Das Mo­tor­rad wur­de am 07.03.2012 nach ei­nem er­folg­lo­sen Ver­such des Klä­gers, es zu­zu­las­sen, po­li­zei­lich si­cher­ge­stellt. Die Fahr­zeug­pa­pie­re, die der Be­klag­te dem Klä­ger über­ge­ben hat­te, wa­ren be­reits im Jahr 2008 in Ita­li­en ge­stoh­len wor­den. Das Mo­tor­rad war auch kein Ori­gi­nal, son­dern ei­ne Du­blet­te. Der Be­klag­te hat­te es im Sep­tem­ber 2011 auf ei­nem Fahr­zeug­markt in Imo­la (Ita­li­en) zum Preis von 3.800 € er­wor­ben.

Mit Schrei­ben vom 12.03.2012 er­klär­te der Klä­ger die An­fech­tung des Kauf­ver­trags we­gen arg­lis­ti­ger Täu­schung. Er meint, der Be­klag­te sei ihm zur Rück­ga­be des Kauf­prei­ses und zum Scha­dens­er­satz ver­pflich­tet. Ei­ne Zug-um-Zug-Ver­ur­tei­lung kom­me je­doch nicht in Be­tracht, weil es ihm, dem Klä­ger, nach der Be­schlag­nah­me des Mo­tor­rads durch die Po­li­zei un­mög­lich sei, die Ma­schi­ne an den Be­klag­ten her­aus­zu­ge­ben.

Die Kla­ge hat­te Er­folg.

Aus den Grün­den: I. Der Klä­ger kann von dem Be­klag­ten we­gen An­fech­tung … des Kauf­ver­trags über das Mo­tor­rad … die Rück­zah­lung des Kauf­prei­ses von 5.140 € (§ 812 I 1 Fall 1, § 123 I Fall 1, 124 BGB; sub 1) zu­züg­lich Scha­dens­er­satz in Hö­he von 249,08 € (§§ 826, 249 BGB; sub 2) ver­lan­gen.

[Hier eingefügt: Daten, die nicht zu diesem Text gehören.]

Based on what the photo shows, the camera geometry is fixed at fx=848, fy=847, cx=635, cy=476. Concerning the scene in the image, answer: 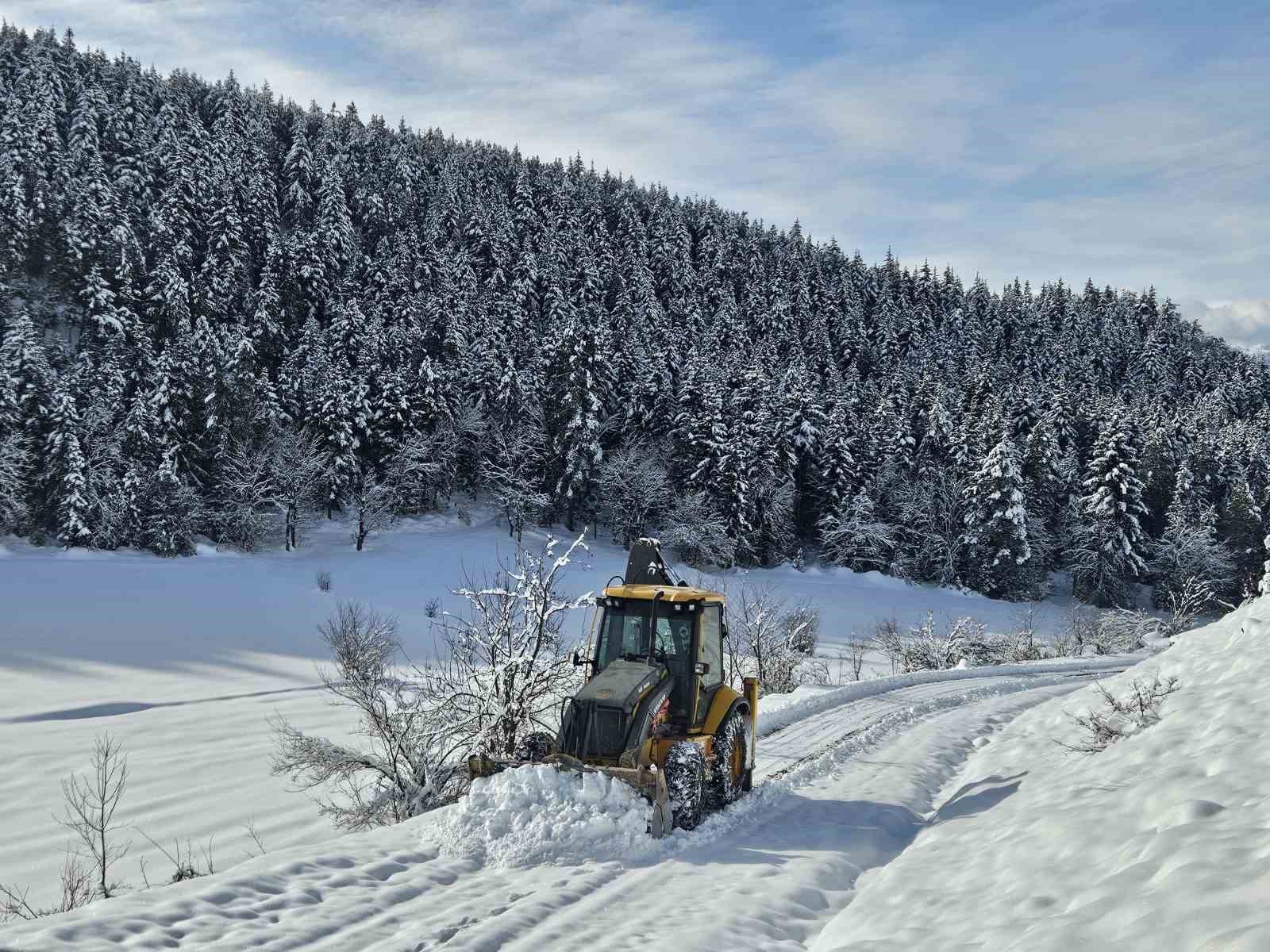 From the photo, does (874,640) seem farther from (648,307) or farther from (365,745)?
(648,307)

1. Der Klä­ger hat den Kauf­ver­trag vom 07.01.2012 wirk­sam an­ge­foch­ten; er kann die Zah­lung des Kauf­prei­ses ver­lan­gen, oh­ne zur Leis­tung des von dem Be­klag­ten emp­fan­ge­nen Mo­tor­rads … ver­pflich­tet zu sein.

a) Die Par­tei­en ha­ben be­reits am 07.01.2012 über die In­ter­net­platt­form eBay ei­nen Kauf­ver­trag über das Mo­tor­rad … Tri­umph Street Triple, Bau­jahr 2008, zum Kauf­preis von 5.145 € ge­schlos­sen. Die ins In­ter­net ge­stell­te Of­fer­te ist ei­ne auf Ab­schluss des Ver­trags zu den vom An­bie­ter ge­nann­ten Kon­di­tio­nen ge­rich­te­te Wil­lens­er­klä­rung, die zu­gleich die vor­weg er­klär­te An­nah­me des Höchst­ge­bots ent­hält. Mit der Ab­ga­be des Höchst­ge­bots kommt der Ver­trag da­her zu den Be­din­gun­gen zu­stan­de, die der An­bie­ter im In­ter­net be­kannt ge­macht hat (vgl. BGH, Urt. v. 07.11.2001 – VI­II ZR 13/01, BGHZ 149, 129, 133 ff. = NJW 2002, 363, 364).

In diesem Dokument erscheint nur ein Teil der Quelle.